AIM OF THE EXERCISE:
Copy out the data below. Leave nothing out and alter nothing.

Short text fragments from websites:
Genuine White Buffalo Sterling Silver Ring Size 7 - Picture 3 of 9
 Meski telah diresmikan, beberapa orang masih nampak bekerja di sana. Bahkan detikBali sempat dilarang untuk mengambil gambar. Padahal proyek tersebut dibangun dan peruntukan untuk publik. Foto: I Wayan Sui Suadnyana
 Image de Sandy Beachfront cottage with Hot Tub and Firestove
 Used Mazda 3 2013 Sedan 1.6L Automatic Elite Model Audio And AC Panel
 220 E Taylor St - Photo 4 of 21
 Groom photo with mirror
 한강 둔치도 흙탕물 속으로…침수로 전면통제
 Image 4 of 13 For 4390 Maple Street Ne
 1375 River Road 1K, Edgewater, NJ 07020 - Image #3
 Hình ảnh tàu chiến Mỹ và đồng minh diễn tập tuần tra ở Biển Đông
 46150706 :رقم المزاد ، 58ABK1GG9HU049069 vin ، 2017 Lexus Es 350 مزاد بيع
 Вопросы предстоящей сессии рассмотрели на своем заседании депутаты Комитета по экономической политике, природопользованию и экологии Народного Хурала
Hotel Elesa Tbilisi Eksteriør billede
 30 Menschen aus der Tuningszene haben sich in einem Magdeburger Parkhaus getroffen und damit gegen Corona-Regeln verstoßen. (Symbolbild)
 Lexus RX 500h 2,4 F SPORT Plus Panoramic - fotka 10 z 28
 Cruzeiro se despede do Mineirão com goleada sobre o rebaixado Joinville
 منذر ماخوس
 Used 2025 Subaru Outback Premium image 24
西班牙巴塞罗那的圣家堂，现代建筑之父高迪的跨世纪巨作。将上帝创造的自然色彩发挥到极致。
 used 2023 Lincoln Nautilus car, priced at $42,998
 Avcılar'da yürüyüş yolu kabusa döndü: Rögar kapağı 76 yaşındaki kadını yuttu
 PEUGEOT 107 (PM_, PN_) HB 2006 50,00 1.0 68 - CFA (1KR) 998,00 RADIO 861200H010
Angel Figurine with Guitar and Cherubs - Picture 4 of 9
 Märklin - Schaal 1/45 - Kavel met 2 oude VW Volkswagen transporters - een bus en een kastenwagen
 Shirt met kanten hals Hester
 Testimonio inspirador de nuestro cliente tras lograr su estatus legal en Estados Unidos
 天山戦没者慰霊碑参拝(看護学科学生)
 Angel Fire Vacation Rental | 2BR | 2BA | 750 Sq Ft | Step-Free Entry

THE ANSWER:
Genuine White Buffalo Sterling Silver Ring Size 7 - Picture 3 of 9
 Meski telah diresmikan, beberapa orang masih nampak bekerja di sana. Bahkan detikBali sempat dilarang untuk mengambil gambar. Padahal proyek tersebut dibangun dan peruntukan untuk publik. Foto: I Wayan Sui Suadnyana
 Image de Sandy Beachfront cottage with Hot Tub and Firestove
 Used Mazda 3 2013 Sedan 1.6L Automatic Elite Model Audio And AC Panel
 220 E Taylor St - Photo 4 of 21
 Groom photo with mirror
 한강 둔치도 흙탕물 속으로…침수로 전면통제
 Image 4 of 13 For 4390 Maple Street Ne
 1375 River Road 1K, Edgewater, NJ 07020 - Image #3
 Hình ảnh tàu chiến Mỹ và đồng minh diễn tập tuần tra ở Biển Đông
 46150706 :رقم المزاد ، 58ABK1GG9HU049069 vin ، 2017 Lexus Es 350 مزاد بيع
 Вопросы предстоящей сессии рассмотрели на своем заседании депутаты Комитета по экономической политике, природопользованию и экологии Народного Хурала
Hotel Elesa Tbilisi Eksteriør billede
 30 Menschen aus der Tuningszene haben sich in einem Magdeburger Parkhaus getroffen und damit gegen Corona-Regeln verstoßen. (Symbolbild)
 Lexus RX 500h 2,4 F SPORT Plus Panoramic - fotka 10 z 28
 Cruzeiro se despede do Mineirão com goleada sobre o rebaixado Joinville
 منذر ماخوس
 Used 2025 Subaru Outback Premium image 24
西班牙巴塞罗那的圣家堂，现代建筑之父高迪的跨世纪巨作。将上帝创造的自然色彩发挥到极致。
 used 2023 Lincoln Nautilus car, priced at $42,998
 Avcılar'da yürüyüş yolu kabusa döndü: Rögar kapağı 76 yaşındaki kadını yuttu
 PEUGEOT 107 (PM_, PN_) HB 2006 50,00 1.0 68 - CFA (1KR) 998,00 RADIO 861200H010
Angel Figurine with Guitar and Cherubs - Picture 4 of 9
 Märklin - Schaal 1/45 - Kavel met 2 oude VW Volkswagen transporters - een bus en een kastenwagen
 Shirt met kanten hals Hester
 Testimonio inspirador de nuestro cliente tras lograr su estatus legal en Estados Unidos
 天山戦没者慰霊碑参拝(看護学科学生)
 Angel Fire Vacation Rental | 2BR | 2BA | 750 Sq Ft | Step-Free Entry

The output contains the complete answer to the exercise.